COLLECTED DATA:
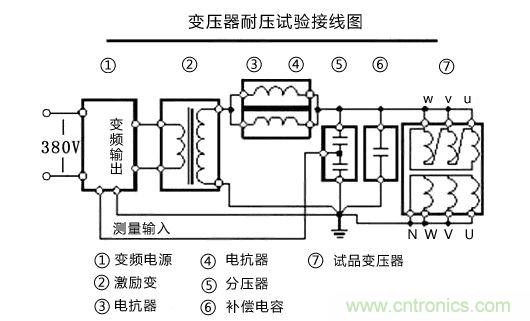 现场接线示意图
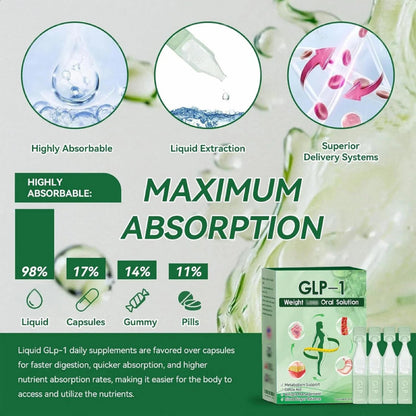 1-5BOX Oral Solution, GLP - 1 Moringa Drops, Natural Supplement Drops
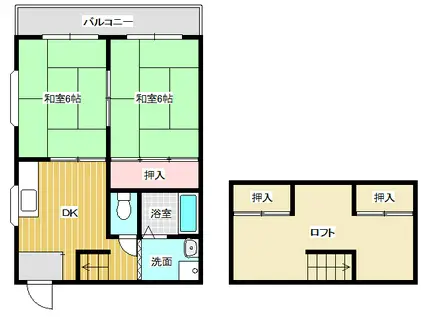 山本マンション(2SDK/2階)の間取り写真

INSTRUCTIONS FOR THE TASK: The output must match, line for line, the span from the line containing "1-5BOX Oral Solution, GLP" through the end of the data, with the pictures removed.

RESPONSE BOX:
 1-5BOX Oral Solution, GLP - 1 Moringa Drops, Natural Supplement Drops
 山本マンション(2SDK/2階)の間取り写真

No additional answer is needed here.